Former President of Burkina Faso, Thomas.
A long-awaited trial in Burkina Faso over the 1987 assassination of revolutionary leader Thomas Sankara can resume after the ruling junta restored the constitution, a military court ruled on Monday.
The trial of Sankara’s alleged killers will resume on Wednesday. It was due to restart in the capital Ouagadougou on Monday but was suspended after civil parties said it should not go ahead pending “judicial normalisation” by the junta.
“We do not want a trial (with) flaws,” lawyer Prosper Farama, representing the Sankara family, said earlier.
The trial opened last October and has been closely followed by the Burkinabe public.
It has been showcased as the chance to shed light on one of the murkiest chapters in the troubled country’s history.
Revered among African radicals, Sankara was an army captain aged just 33 when he came to power in a coup in 1983.
The fiery Marxist-Leninist railed against imperialism and colonialism, often angering Western leaders but gaining followers across the continent and beyond.
He and 12 of his colleagues were gunned down by a hit squad on October 15, 1987, at a meeting of the ruling National Revolutionary Council.
Their assassination coincided with a coup that brought Sankara’s erstwhile comrade-in-arms, Blaise Compaore, to power.
Compaore ruled for 27 years before being deposed by a popular uprising in 2014 and fleeing to the neighbouring Ivory Coast.
Fourteen defendants are on trial, two of them in absentia, including Compaore.
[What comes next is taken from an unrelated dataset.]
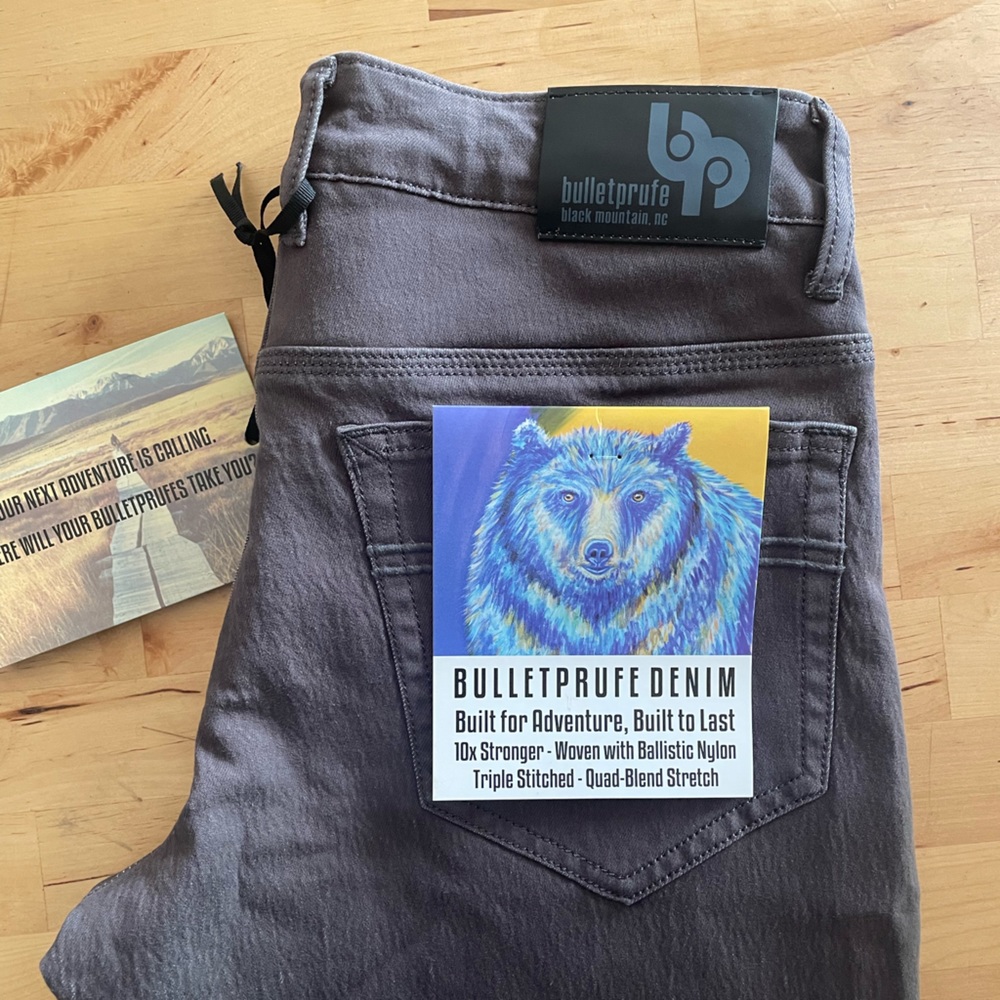 Bulletprufe Grey Denim Adventure Fit Jeans 30x32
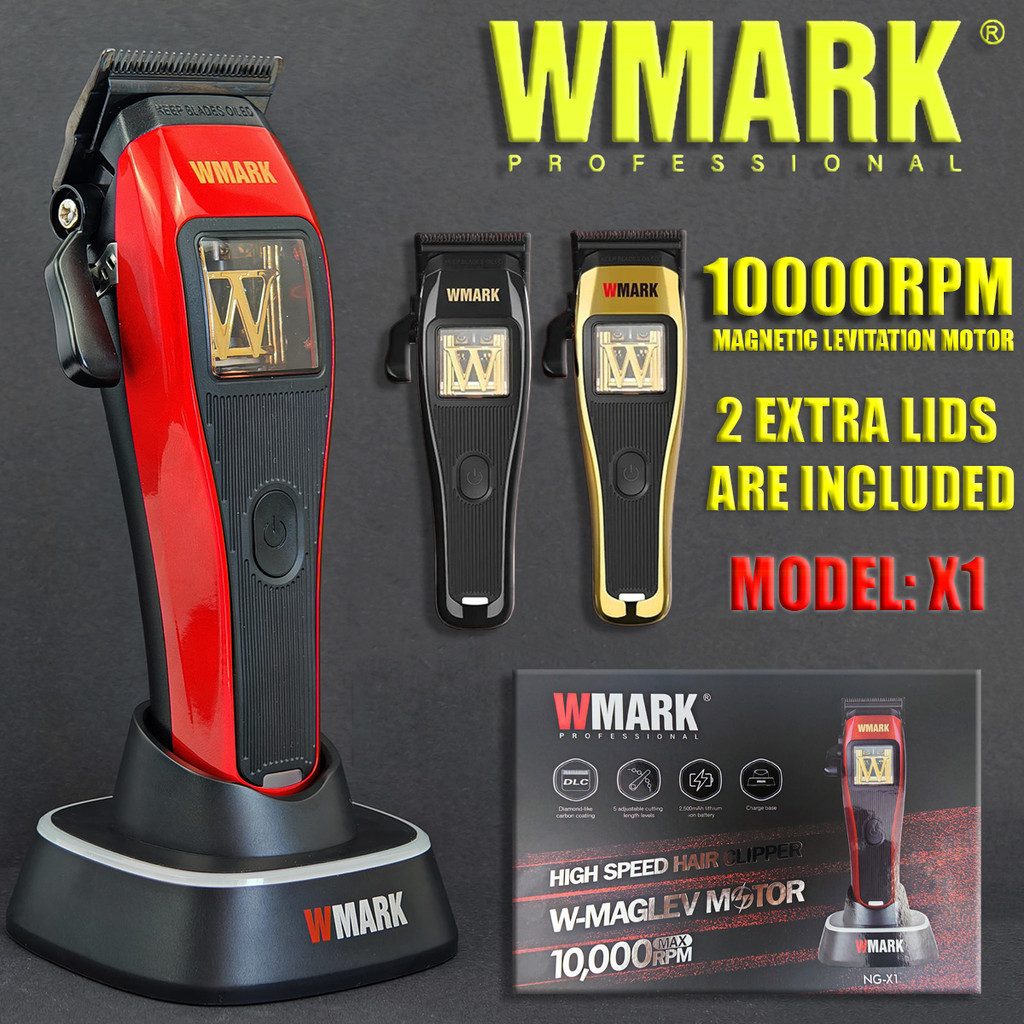 WMARK NG-X1 High Speed 10000RPM Professional Hair Clipper with Charge Stand Men's Hair Trimmer Barbe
Compaore and his former right-hand man General Gilbert Diendere are charged with harming state security, complicity in murder, concealing bodies and witness tampering.
Compaore has repeatedly denied entrenched suspicions among Burkinabe that he ordered Sankara’s killing, while Diendere has pleaded not guilty.
On January 24, mutinous soldiers overthrew Compaore’s elected successor, Roch Marc Christian Kabore, amid rising public anger at his failure to stem a bloody jihadist insurgency.